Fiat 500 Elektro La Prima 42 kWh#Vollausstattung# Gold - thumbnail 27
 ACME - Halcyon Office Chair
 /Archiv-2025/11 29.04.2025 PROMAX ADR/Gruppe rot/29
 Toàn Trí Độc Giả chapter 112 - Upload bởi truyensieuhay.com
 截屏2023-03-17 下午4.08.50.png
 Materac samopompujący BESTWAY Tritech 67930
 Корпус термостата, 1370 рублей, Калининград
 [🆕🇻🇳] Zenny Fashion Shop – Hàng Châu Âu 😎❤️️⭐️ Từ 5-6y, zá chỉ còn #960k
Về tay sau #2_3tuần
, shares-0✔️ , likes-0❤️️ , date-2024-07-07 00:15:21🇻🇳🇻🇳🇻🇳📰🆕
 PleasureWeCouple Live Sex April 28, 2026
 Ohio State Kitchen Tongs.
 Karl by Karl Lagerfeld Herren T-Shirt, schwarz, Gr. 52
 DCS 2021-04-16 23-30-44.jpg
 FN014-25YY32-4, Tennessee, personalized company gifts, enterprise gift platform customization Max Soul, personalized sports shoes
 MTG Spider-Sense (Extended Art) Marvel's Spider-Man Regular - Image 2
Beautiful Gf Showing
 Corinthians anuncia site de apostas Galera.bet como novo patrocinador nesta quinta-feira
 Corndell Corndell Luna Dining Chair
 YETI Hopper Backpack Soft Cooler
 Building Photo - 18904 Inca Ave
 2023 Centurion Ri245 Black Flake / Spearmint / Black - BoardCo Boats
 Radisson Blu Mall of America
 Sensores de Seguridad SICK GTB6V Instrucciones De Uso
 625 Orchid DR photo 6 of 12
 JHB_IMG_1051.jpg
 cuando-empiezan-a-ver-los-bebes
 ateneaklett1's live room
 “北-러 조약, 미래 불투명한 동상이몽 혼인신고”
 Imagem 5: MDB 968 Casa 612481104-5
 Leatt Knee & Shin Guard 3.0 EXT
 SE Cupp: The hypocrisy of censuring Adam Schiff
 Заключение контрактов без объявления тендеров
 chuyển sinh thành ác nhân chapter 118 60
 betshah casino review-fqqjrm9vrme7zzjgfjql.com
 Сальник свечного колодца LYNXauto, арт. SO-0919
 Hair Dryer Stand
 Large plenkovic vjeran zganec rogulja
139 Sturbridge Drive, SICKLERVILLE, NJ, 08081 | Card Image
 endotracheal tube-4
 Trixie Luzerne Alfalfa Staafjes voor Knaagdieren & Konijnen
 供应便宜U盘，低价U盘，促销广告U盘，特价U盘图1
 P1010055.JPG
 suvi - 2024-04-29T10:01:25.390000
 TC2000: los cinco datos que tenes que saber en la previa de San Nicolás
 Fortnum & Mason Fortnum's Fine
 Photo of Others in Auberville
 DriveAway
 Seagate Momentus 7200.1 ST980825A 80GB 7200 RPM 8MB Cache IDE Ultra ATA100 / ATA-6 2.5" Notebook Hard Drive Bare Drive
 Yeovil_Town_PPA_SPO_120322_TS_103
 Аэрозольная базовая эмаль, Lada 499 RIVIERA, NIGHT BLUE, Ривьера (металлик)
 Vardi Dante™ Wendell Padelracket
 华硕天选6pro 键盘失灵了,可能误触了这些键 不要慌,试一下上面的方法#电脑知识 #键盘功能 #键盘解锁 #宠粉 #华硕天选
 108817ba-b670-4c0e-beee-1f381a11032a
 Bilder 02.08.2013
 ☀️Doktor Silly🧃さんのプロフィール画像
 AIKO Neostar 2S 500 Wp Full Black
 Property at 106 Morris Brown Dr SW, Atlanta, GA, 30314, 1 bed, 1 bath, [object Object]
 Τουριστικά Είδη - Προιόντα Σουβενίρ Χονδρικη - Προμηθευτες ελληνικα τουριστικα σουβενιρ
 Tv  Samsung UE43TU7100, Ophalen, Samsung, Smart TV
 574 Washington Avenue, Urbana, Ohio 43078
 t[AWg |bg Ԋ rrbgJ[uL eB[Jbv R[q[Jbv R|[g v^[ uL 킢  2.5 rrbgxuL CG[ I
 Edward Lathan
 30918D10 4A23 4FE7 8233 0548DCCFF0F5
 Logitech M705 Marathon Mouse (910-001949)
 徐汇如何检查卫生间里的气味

---------------

- **Problem description**
Return all the lines above exactly as given.

- **Answer to the problem**
Fiat 500 Elektro La Prima 42 kWh#Vollausstattung# Gold - thumbnail 27
 ACME - Halcyon Office Chair
 /Archiv-2025/11 29.04.2025 PROMAX ADR/Gruppe rot/29
 Toàn Trí Độc Giả chapter 112 - Upload bởi truyensieuhay.com
 截屏2023-03-17 下午4.08.50.png
 Materac samopompujący BESTWAY Tritech 67930
 Корпус термостата, 1370 рублей, Калининград
 [🆕🇻🇳] Zenny Fashion Shop – Hàng Châu Âu 😎❤️️⭐️ Từ 5-6y, zá chỉ còn #960k
Về tay sau #2_3tuần
, shares-0✔️ , likes-0❤️️ , date-2024-07-07 00:15:21🇻🇳🇻🇳🇻🇳📰🆕
 PleasureWeCouple Live Sex April 28, 2026
 Ohio State Kitchen Tongs.
 Karl by Karl Lagerfeld Herren T-Shirt, schwarz, Gr. 52
 DCS 2021-04-16 23-30-44.jpg
 FN014-25YY32-4, Tennessee, personalized company gifts, enterprise gift platform customization Max Soul, personalized sports shoes
 MTG Spider-Sense (Extended Art) Marvel's Spider-Man Regular - Image 2
Beautiful Gf Showing
 Corinthians anuncia site de apostas Galera.bet como novo patrocinador nesta quinta-feira
 Corndell Corndell Luna Dining Chair
 YETI Hopper Backpack Soft Cooler
 Building Photo - 18904 Inca Ave
 2023 Centurion Ri245 Black Flake / Spearmint / Black - BoardCo Boats
 Radisson Blu Mall of America
 Sensores de Seguridad SICK GTB6V Instrucciones De Uso
 625 Orchid DR photo 6 of 12
 JHB_IMG_1051.jpg
 cuando-empiezan-a-ver-los-bebes
 ateneaklett1's live room
 “北-러 조약, 미래 불투명한 동상이몽 혼인신고”
 Imagem 5: MDB 968 Casa 612481104-5
 Leatt Knee & Shin Guard 3.0 EXT
 SE Cupp: The hypocrisy of censuring Adam Schiff
 Заключение контрактов без объявления тендеров
 chuyển sinh thành ác nhân chapter 118 60
 betshah casino review-fqqjrm9vrme7zzjgfjql.com
 Сальник свечного колодца LYNXauto, арт. SO-0919
 Hair Dryer Stand
 Large plenkovic vjeran zganec rogulja
139 Sturbridge Drive, SICKLERVILLE, NJ, 08081 | Card Image
 endotracheal tube-4
 Trixie Luzerne Alfalfa Staafjes voor Knaagdieren & Konijnen
 供应便宜U盘，低价U盘，促销广告U盘，特价U盘图1
 P1010055.JPG
 suvi - 2024-04-29T10:01:25.390000
 TC2000: los cinco datos que tenes que saber en la previa de San Nicolás
 Fortnum & Mason Fortnum's Fine
 Photo of Others in Auberville
 DriveAway
 Seagate Momentus 7200.1 ST980825A 80GB 7200 RPM 8MB Cache IDE Ultra ATA100 / ATA-6 2.5" Notebook Hard Drive Bare Drive
 Yeovil_Town_PPA_SPO_120322_TS_103
 Аэрозольная базовая эмаль, Lada 499 RIVIERA, NIGHT BLUE, Ривьера (металлик)
 Vardi Dante™ Wendell Padelracket
 华硕天选6pro 键盘失灵了,可能误触了这些键 不要慌,试一下上面的方法#电脑知识 #键盘功能 #键盘解锁 #宠粉 #华硕天选
 108817ba-b670-4c0e-beee-1f381a11032a
 Bilder 02.08.2013
 ☀️Doktor Silly🧃さんのプロフィール画像
 AIKO Neostar 2S 500 Wp Full Black
 Property at 106 Morris Brown Dr SW, Atlanta, GA, 30314, 1 bed, 1 bath, [object Object]
 Τουριστικά Είδη - Προιόντα Σουβενίρ Χονδρικη - Προμηθευτες ελληνικα τουριστικα σουβενιρ
 Tv  Samsung UE43TU7100, Ophalen, Samsung, Smart TV
 574 Washington Avenue, Urbana, Ohio 43078
 t[AWg |bg Ԋ rrbgJ[uL eB[Jbv R[q[Jbv R|[g v^[ uL 킢  2.5 rrbgxuL CG[ I
 Edward Lathan
 30918D10 4A23 4FE7 8233 0548DCCFF0F5
 Logitech M705 Marathon Mouse (910-001949)
 徐汇如何检查卫生间里的气味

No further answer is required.